Обсуждение: PG_RETURN_?

Поиск
Список
Период
Сортировка

PG_RETURN_?

От
Don Y
Дата:
Hi,

I have a set of functions for a data type that return
small integers (i.e. [0..12]).  I can, of course, represent
it as a char, short or long (CHAR, INT16 or INT32).
re there any advantages/drawbacks to chosing one particular
PG_RETURN_ type over another (realizing that they are
effectively just casts)?

Thanks!
--don

Re: PG_RETURN_?

От
Richard Huxton
Дата:
Don Y wrote:
> Hi,
>
> I have a set of functions for a data type that return
> small integers (i.e. [0..12]).  I can, of course, represent
> it as a char, short or long (CHAR, INT16 or INT32).
> re there any advantages/drawbacks to chosing one particular
> PG_RETURN_ type over another (realizing that they are
> effectively just casts)?

If they are integers then an int would be the obvious choice. If you are
going to treat them as int2 outside the function then int2, otherwise
just integer. Oh, it's int2/int4 not int16/int32.
--
   Richard Huxton
   Archonet Ltd

Re: PG_RETURN_?

От
Don Y
Дата:
Richard Huxton wrote:
> Don Y wrote:
>> Hi,
>>
>> I have a set of functions for a data type that return
>> small integers (i.e. [0..12]).  I can, of course, represent
>> it as a char, short or long (CHAR, INT16 or INT32).
>> re there any advantages/drawbacks to chosing one particular
>> PG_RETURN_ type over another (realizing that they are
>> effectively just casts)?
>
> If they are integers then an int would be the obvious choice. If you are
> going to treat them as int2 outside the function then int2, otherwise
> just integer.

Yes, I was more interested in what might be going on "behind the
scenes" inside the server that could bias my choice of WHICH
integer type to use.  E.g., if arguments are marshalled as
byte arrays vs. as Datum arrays, etc.  (I would suspect the
latter).  Since I could use something as small as a char to
represent the values, the choice is more interested in how
OTHER things would be affected...

 > Oh, it's int2/int4 not int16/int32.

The *data type* is int2/int4 but the PG_RETURN_? macro is
PG_RETURN_INT16 or PG_RETURN_INT32 -- hence the reason
I referred to them as "CHAR, INT16 or INT32" instead of
"char, int2 or int4"  :>

--don


Re: PG_RETURN_?

От
Richard Huxton
Дата:
Don Y wrote:
> Richard Huxton wrote:
>> Don Y wrote:
>>> Hi,
>>>
>>> I have a set of functions for a data type that return
>>> small integers (i.e. [0..12]).  I can, of course, represent
>>> it as a char, short or long (CHAR, INT16 or INT32).
>>> re there any advantages/drawbacks to chosing one particular
>>> PG_RETURN_ type over another (realizing that they are
>>> effectively just casts)?
>>
>> If they are integers then an int would be the obvious choice. If you
>> are going to treat them as int2 outside the function then int2,
>> otherwise just integer.
>
> Yes, I was more interested in what might be going on "behind the
> scenes" inside the server that could bias my choice of WHICH
> integer type to use.  E.g., if arguments are marshalled as
> byte arrays vs. as Datum arrays, etc.  (I would suspect the
> latter).  Since I could use something as small as a char to
> represent the values, the choice is more interested in how
> OTHER things would be affected...

I must admit I've never tested, but I strongly suspect any differences
will be below the level you can accurately measure. Certainly from the
point of view of 8/16/32 bit integers I'd guess they'd all time the same
(they should all end up as a Datum). With a 64-bit CPU I'd guess that
would extend to 64 bits too. Hmm - looking at comments it seems int64 is
  a reference type regardless of CPU (include/postgres.h)

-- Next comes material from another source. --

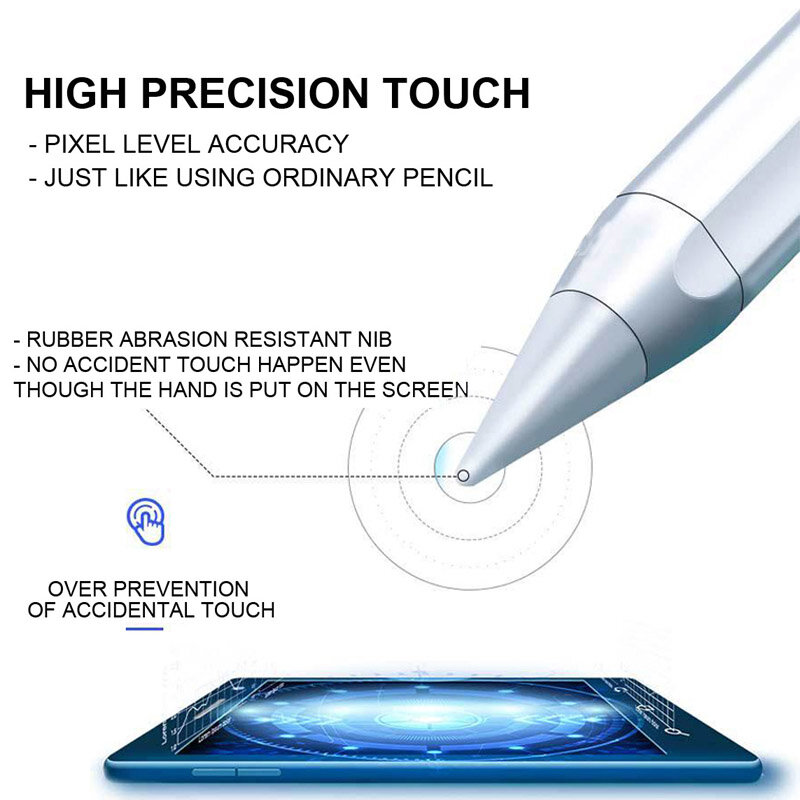 Stylus ดินสอเอียงสำหรับ Apple iPad Pro 11 12.9 2020 2018 2019 6th 7th Mini 5 Air3วาด Touch ปากกาปาล์มปฏิเสธ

>  > Oh, it's int2/int4 not int16/int32.
>
> The *data type* is int2/int4 but the PG_RETURN_? macro is
> PG_RETURN_INT16 or PG_RETURN_INT32 -- hence the reason
> I referred to them as "CHAR, INT16 or INT32" instead of
> "char, int2 or int4"  :>

You're quite right. I was thinking from the other side.

--
   Richard Huxton
   Archonet Ltd

Re: PG_RETURN_?

От
Martijn van Oosterhout
Дата:
On Tue, May 02, 2006 at 08:43:03AM -0700, Don Y wrote:
> Richard Huxton wrote:
> >Don Y wrote:
> >>Hi,
> >>
> >>I have a set of functions for a data type that return
> >>small integers (i.e. [0..12]).  I can, of course, represent
> >>it as a char, short or long (CHAR, INT16 or INT32).
> >>re there any advantages/drawbacks to chosing one particular
> >>PG_RETURN_ type over another (realizing that they are
> >>effectively just casts)?
> >
> >If they are integers then an int would be the obvious choice. If you are
> >going to treat them as int2 outside the function then int2, otherwise
> >just integer.
>
> Yes, I was more interested in what might be going on "behind the
> scenes" inside the server that could bias my choice of WHICH
> integer type to use.  E.g., if arguments are marshalled as
> byte arrays vs. as Datum arrays, etc.  (I would suspect the
> latter).  Since I could use something as small as a char to
> represent the values, the choice is more interested in how
> OTHER things would be affected...

You should always *always* match the PG_RETURN_* to the declared type
you are returning. anything else will cause problems. PG_RETURN_INT16
means "return in a format consistant with a type declared as
pass-by-value two byte width". PostgreSQL does not check that what
you're returning actually matches what you declared.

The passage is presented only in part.